I have a text file which has many lines written ,there is a word called "@Testrun" in text file many times , considering "@Testrun" as staring point and endpoint also as a "@Testrun" considering the lines between these two "@Testrun" as one part there can be more that 3-4 parts o these text . My question is how do I extract those lines in parts and find duplicate lines in those parts :

My text file looks like this:

@TestRun
    And user validate message on screen "Switch to paperless" 
    And user click on "Manage accounts" label 
    And user click link with label "View all online services" 
    And user waits for 10 seconds 
    Then page is successfully launched 
    And user click link with label "Go paperless for complete convenience" 
    Then page is successfully launched 
    And user validate message on screen "#EmailAddress" 
    And user clicks on the button "Confirm" 
    Then page is successfully launched 
    And user validate message on screen "#MessageValidate" 
    Then page is successfully launched 
    And user click on "menu open user preferences" label 
    And user clicks on the link "Statement and letter preferences" 
    Then page is successfully launched 
    And user validate "Switch to paperless" button is disabled 
    And user validate message on screen "Online only" 
    When user click on "Log out" label 
    Then page is successfully launched

@TestRun 
    And user click on link "Mobile site" 
    And user set text "#Surname" on textbox name "surname" 
    Then page is successfully launched 
    And user click on link "#Account" 
    Then page is successfully launched 
    And user verify message on screen "#Account" 
    And user verify message on screen "Manage statements" 
    And user verify message on screen "Step 1 of 3" 
    Then page is successfully launched 
    And user verify message on screen "Current format type"  
    And user verify message on screen "Online" 
    When user selects the radio button "Paper" 


@TestRun
Then user wait for page load
And user click on button "Continue to Online Banking"
Then user wait for page load
    And user click on "menu open user preferences" label 
    And user clicks on the link "Statement and letter preferences" 
    Then page is successfully launched 
    And page is successfully launched 
    And user waits for 10 seconds 
@TestRun 
    Then page is successfully launched 
    And user waits for 10 seconds 
    And user click checkbox "Telephone" 
    And user click checkbox "Post" 
    And user clicks on the button "Save" 
    Then page is successfully launched

I tried out the following code but this is not working:

with open('CustPref.txt') as input_data:
    for line in input_data:
        if line.strip() == '@TestRun ':  
            break
    for line in input_data: 
        if line.strip() == '@TestRun ':
            break
        print line

I get output but it is totally incorrect.

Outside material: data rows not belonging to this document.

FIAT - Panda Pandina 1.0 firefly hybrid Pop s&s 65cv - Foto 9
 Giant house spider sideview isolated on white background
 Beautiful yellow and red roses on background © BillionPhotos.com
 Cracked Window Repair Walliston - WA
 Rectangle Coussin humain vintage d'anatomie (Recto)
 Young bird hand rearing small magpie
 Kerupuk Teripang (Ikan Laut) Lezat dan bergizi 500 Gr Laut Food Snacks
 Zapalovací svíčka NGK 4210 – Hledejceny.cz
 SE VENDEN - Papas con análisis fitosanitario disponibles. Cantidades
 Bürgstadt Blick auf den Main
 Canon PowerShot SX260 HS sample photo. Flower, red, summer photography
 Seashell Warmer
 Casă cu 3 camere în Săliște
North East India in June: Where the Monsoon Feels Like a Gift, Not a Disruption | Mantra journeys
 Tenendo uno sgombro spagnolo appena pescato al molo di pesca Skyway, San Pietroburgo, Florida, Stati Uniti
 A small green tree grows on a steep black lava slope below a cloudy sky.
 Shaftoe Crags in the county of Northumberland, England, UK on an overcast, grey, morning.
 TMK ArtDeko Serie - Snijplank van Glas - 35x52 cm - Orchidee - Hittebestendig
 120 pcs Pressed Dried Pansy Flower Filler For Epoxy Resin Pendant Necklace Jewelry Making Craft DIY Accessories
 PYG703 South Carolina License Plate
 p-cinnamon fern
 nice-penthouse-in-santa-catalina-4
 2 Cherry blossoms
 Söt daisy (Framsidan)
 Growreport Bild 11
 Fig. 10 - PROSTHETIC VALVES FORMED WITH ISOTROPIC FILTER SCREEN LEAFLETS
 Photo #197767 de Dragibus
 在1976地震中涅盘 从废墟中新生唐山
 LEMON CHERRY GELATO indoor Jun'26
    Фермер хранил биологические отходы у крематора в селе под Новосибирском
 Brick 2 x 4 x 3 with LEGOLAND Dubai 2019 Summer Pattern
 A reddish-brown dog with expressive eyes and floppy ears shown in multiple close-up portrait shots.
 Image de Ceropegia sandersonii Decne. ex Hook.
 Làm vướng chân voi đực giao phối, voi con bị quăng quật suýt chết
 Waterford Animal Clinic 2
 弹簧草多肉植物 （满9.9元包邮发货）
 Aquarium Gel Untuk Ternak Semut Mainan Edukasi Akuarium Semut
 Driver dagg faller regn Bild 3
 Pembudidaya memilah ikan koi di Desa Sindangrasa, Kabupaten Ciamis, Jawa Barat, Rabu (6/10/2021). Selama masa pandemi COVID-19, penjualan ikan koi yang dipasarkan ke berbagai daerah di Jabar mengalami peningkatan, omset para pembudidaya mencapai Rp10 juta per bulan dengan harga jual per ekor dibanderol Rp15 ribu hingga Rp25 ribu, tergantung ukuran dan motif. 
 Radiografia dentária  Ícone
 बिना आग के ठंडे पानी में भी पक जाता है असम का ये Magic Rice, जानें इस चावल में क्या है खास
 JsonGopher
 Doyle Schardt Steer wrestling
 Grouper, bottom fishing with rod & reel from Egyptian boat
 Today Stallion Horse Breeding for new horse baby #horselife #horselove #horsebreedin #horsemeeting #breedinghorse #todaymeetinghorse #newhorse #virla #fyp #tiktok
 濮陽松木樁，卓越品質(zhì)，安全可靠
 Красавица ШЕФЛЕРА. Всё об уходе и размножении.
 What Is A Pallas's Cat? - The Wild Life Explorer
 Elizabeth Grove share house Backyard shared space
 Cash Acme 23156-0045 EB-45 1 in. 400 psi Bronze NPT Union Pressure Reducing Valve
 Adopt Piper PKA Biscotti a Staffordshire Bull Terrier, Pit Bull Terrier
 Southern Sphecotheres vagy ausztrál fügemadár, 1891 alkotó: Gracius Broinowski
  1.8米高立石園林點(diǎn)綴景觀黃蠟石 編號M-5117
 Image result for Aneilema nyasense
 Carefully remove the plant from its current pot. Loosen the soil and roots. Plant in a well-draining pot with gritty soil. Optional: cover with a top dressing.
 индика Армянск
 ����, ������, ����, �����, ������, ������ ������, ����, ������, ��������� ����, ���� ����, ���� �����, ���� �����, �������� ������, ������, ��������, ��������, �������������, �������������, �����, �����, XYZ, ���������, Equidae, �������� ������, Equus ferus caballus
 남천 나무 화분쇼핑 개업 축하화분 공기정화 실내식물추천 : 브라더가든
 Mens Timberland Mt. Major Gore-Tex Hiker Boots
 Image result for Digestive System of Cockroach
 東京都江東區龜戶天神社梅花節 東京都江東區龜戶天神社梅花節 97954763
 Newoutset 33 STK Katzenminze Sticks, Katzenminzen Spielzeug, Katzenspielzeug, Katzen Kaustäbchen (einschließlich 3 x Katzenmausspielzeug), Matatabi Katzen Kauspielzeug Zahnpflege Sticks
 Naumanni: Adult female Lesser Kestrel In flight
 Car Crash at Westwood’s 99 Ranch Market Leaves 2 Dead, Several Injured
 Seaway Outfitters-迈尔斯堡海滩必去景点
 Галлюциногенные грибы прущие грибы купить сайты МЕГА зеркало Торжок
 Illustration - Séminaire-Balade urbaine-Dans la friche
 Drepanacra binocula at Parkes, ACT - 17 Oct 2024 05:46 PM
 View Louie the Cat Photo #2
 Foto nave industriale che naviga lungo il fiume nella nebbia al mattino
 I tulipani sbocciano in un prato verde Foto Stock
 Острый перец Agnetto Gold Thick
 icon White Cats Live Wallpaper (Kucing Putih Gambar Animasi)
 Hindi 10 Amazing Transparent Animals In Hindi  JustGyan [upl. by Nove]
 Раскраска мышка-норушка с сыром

I get only one line as an output which is not expected.How do i solve this

line.strip() removes whitespaces - why would the line afterwards macht a string that has a whitespace at its end? — Patrick Artner, Dec 01 '17 at 06:06
@Jump3r That's hardly appropriate here. How exactly would regular expressions help? It's just a needless complication. — tripleee, Dec 01 '17 at 06:25
The `print line` looks like Python 2. If you are just learning Python, you should definitely consider switching to Python 3 -- the end-of-life for Python 2 was supposed to be a few months from now (though it was pushed back for pragmatic reasons), and it receives no attention from the Python community any longer. Unless you need to maintain software which cannot be updated to run on Python 3, you really want to avoid Python 2. — tripleee, Dec 01 '17 at 06:33

Patrick Artner · Answer 1 · 2017-12-01T06:52:37.910

You tackle 2 problems:

splitting it into the correkt parts
removing duplicates

Splitting:

1st Option

Parse the file line by line:

parts = [] # all lines between 2 @TestRun's 
chunks = [] # all chunks of lines between 2 @TestRun's 

startNow = False # wait till first @TestRun before keeping anything

for line in Text(): # see definition for Text() below - it mimics your open('...')
    if line.strip() == '@TestRun':
        startNow = True
        if len(parts) > 0: # found a Testrun, if parts contains lines append to chunks
            chunks.append(parts)
            parts = []
    elif startNow == True: # check if first TestRun hit, if so append line to parts
        parts.append(line)


print(chunks) # done -> list of list of lines between chunks.

2nd Option

Do not split the text by lines, read in in as a complete text and use list comprehension to split it:

biggerChunks = [x.strip() for x in TextTT().split("@TestRun") ]
chunkified = [x.splitlines() for x in biggerChunks if len(x.strip()) > 0 ]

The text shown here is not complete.